House debates

Tuesday, 6 February 2018

Bills

Migration Amendment (Prohibiting Items in Immigration Detention Facilities) Bill 2017; Second Reading

7:16 pm

Photo of Adam BandtAdam Bandt (Melbourne, Australian Greens) Share this | Hansard source

I and the Australian Greens will be opposing the Migration Amendment (Prohibiting Items in Immigration Detention Facilities) Bill 2017. This bill is nothing more than another power grab by an out-of-control Minister for Home Affairs. This bill really makes you think. How much lower can this government go? More pointedly, is there any room left to go any lower? For this mob, it's not enough to lock up in torture camps people who've committed no crime. It's not enough to send them back to the war-torn places that they fled. Now we're going to strip them of something else. This government's not satisfied with taking away their dignity, their mental and physical health, their freedom and their liberty. It's now taking away their possessions as well.

If this bill passes, the minister can now determine that any item is a prohibited thing, and this can include their mobile phones, their computers or their money, as if the people who are in prison can somehow use these phones to hack through the concrete walls of their immigration prison. These people, if this bill passes, will have no right to privately communicate with their lawyers or their loved ones. These are people who've committed no crime other than coming to this country seeking a better life. This bill will allow existing screening, search and seizure powers, including strip searches, to be used in relation to prohibited things; it will provide a statutory power to search all areas of immigration detention facilities operated by or on behalf of the Commonwealth for certain items, including prohibited things, without a warrant; and it will enable the use of detector dogs to screen detainees and persons entering immigration detention facilities operated by or on behalf of the Commonwealth and to search the facilities themselves.

It's not enough for the government just to break people; their intention is to obliterate them.
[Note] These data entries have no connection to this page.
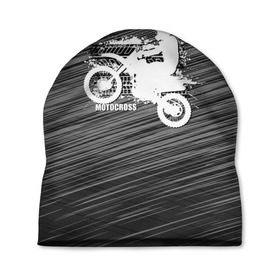 Шапка 3D с принтом Motocross в Тюмени, 100% полиэстер | универсальный размер, печать по всей поверхности изделия | motorbike | motorcycle | race | rider | ryder | speed | байк | гонки | гонщик | мото | мотобайк | мотоцикл | райдер | скорость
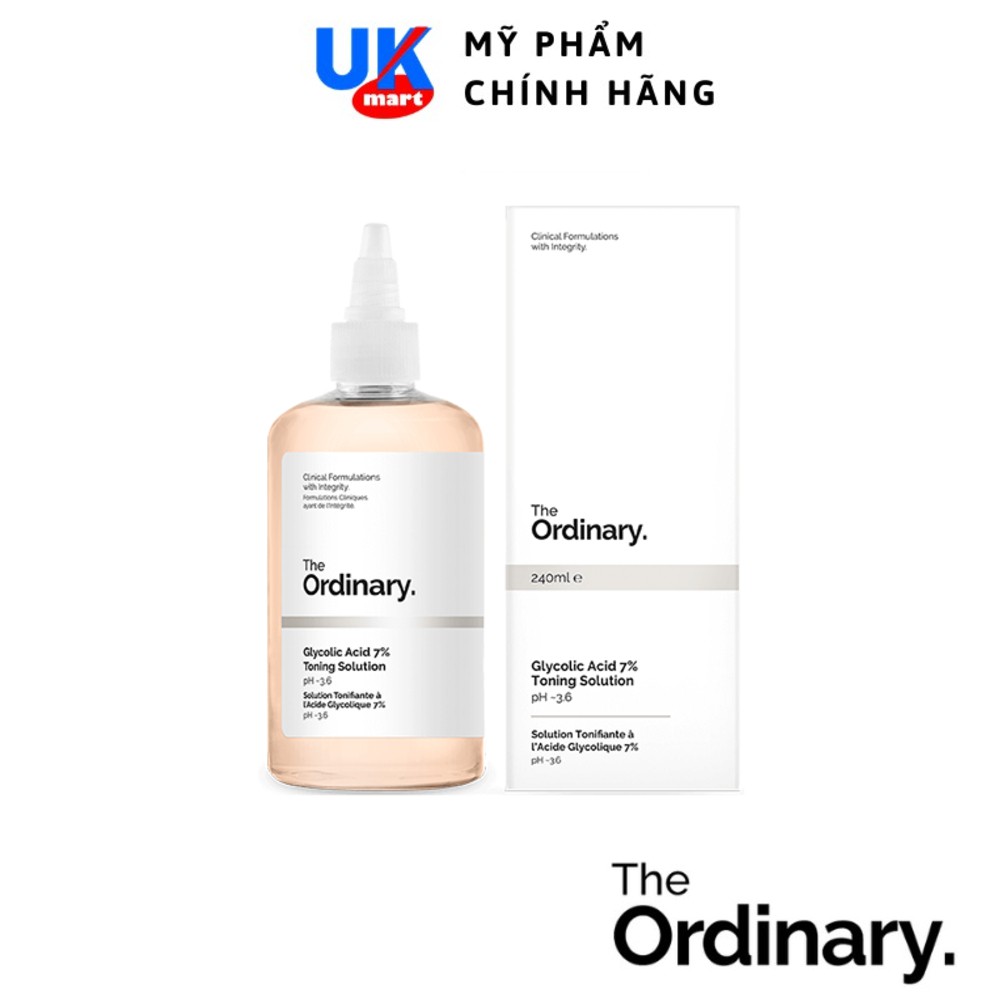 The Ordinary Toning Solution 240ml Toner Tẩy Da Chết, Trắng Sáng, Mờ Thâm Sạm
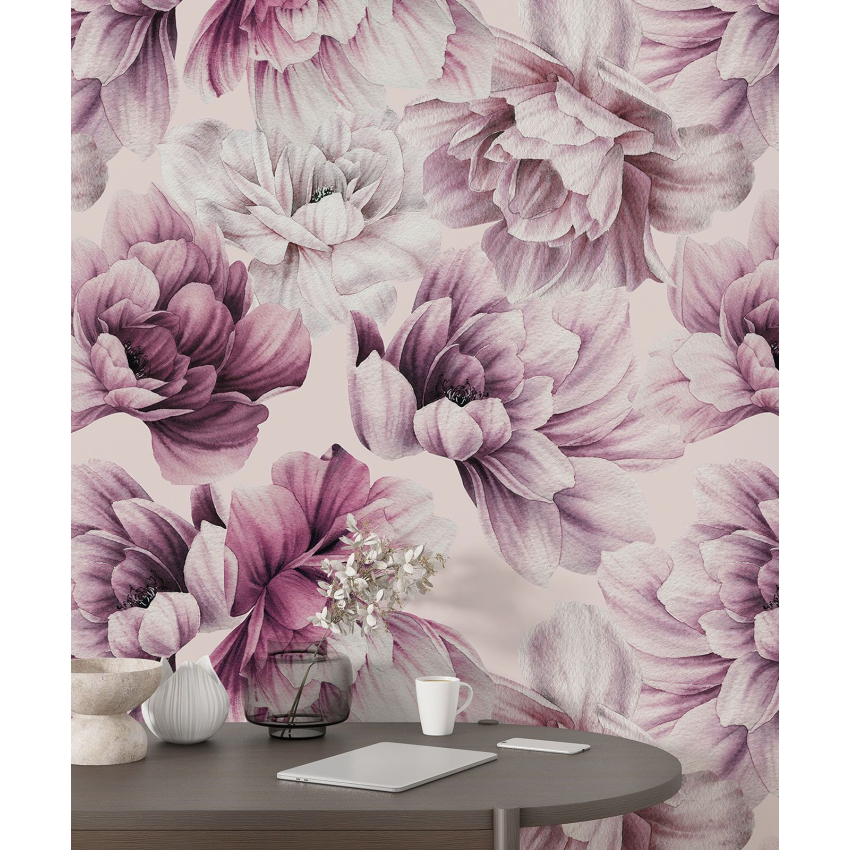 Papier peint motif XL - Motif floral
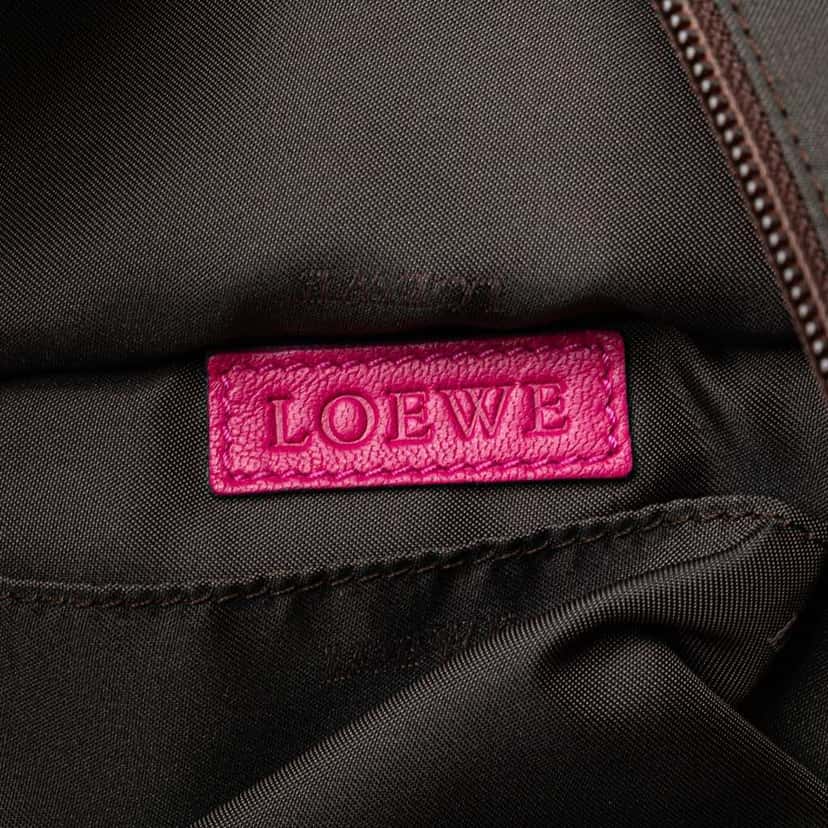 Loewe Nappa Aire Pink Leather Good condition - Box View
Their intention is to shatter them into a million pieces. This is the latest in a long cycle of cynical ploys from cynical politicians who are willing to target asylum seekers for political gain. This is straight out of the John Howard political playbook of dog-whistling: target a vulnerable group for cynical reasons, and then deny that that's what you're doing, or justify the unjustifiable by describing your actions as a security measure.
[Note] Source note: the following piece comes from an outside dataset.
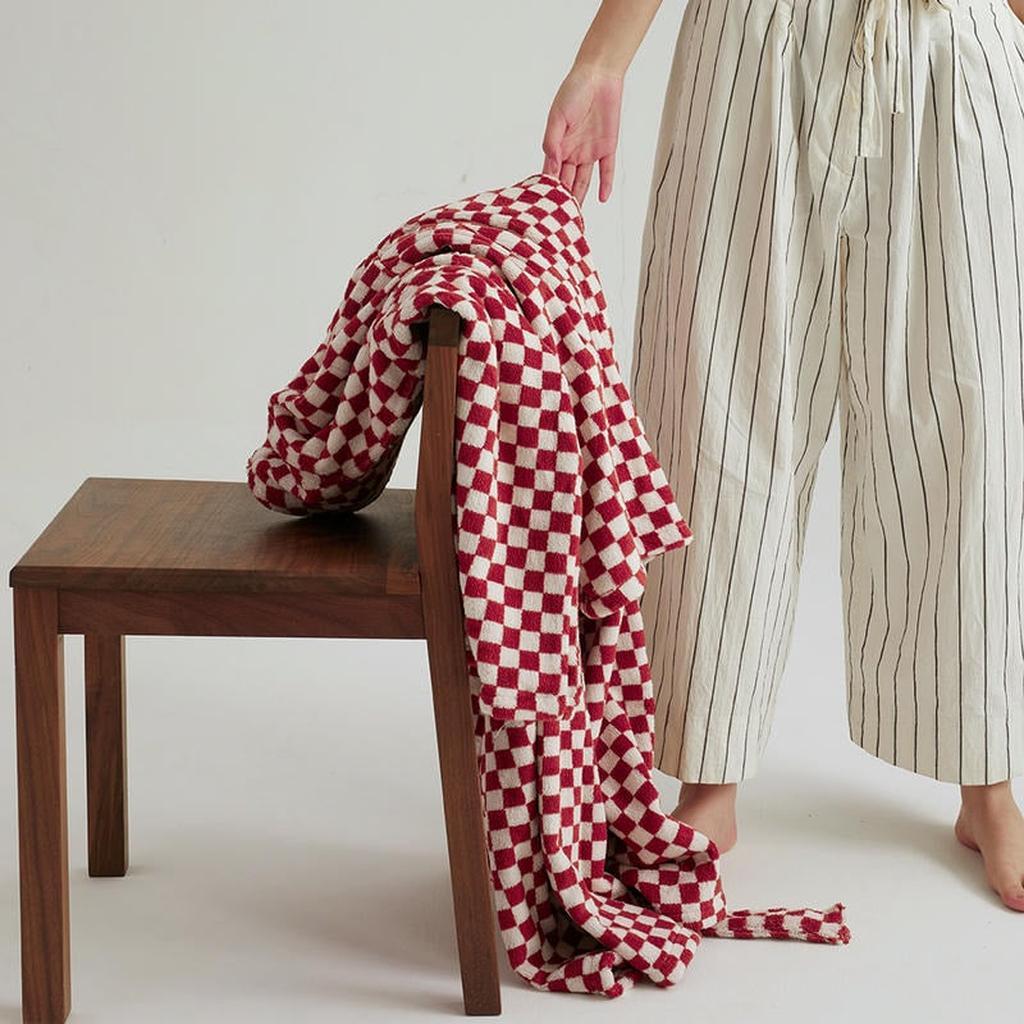 Cotton Gingham Bathrobe - 5 Colors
When I hear the home affairs minister saying that he needs unlimited power because the people in detention are apparently all criminals, I feel like we've seen this movie before. We've seen it with the politicians who told us that parents were throwing their children overboard, who were ready to lock up Mohamed Haneef without even a semblance of due process, and who lied and said that asylum seekers were somehow responsible for the death of Reza Barati. The home affairs minister, Peter Dutton, has said that parents have harmed their children in order to stay in Australia. The home affairs minister has said that an asylum seeker who set himself on fire in desperation did so to get entry into Australia. This is the same minister who now introduces a bill that says he should have complete control over what asylum seekers in detention should be able to have access to, or how they can be searched, or whether family members can bring a home-cooked meal to them. Well, I don't buy it.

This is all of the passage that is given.